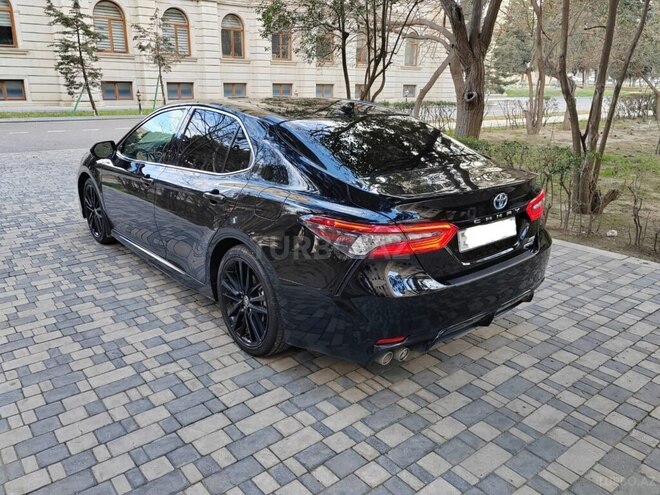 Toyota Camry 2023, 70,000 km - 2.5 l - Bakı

* * *

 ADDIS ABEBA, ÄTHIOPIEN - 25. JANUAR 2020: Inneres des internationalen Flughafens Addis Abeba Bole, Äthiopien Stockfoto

---

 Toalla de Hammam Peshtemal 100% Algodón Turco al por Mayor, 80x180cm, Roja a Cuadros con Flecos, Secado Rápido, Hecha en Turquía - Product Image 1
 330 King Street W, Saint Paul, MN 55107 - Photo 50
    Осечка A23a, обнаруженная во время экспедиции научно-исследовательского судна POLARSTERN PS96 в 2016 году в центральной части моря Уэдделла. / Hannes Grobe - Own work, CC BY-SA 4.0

**Problem**
In the material above, find the line containing "330 King Street" and the line containing "Осечка A23a, обнаруженная", then write out exactly those two lines and every line between them, and nothing more.

**Exercise solution**
 330 King Street W, Saint Paul, MN 55107 - Photo 50
    Осечка A23a, обнаруженная во время экспедиции научно-исследовательского судна POLARSTERN PS96 в 2016 году в центральной части моря Уэдделла. / Hannes Grobe - Own work, CC BY-SA 4.0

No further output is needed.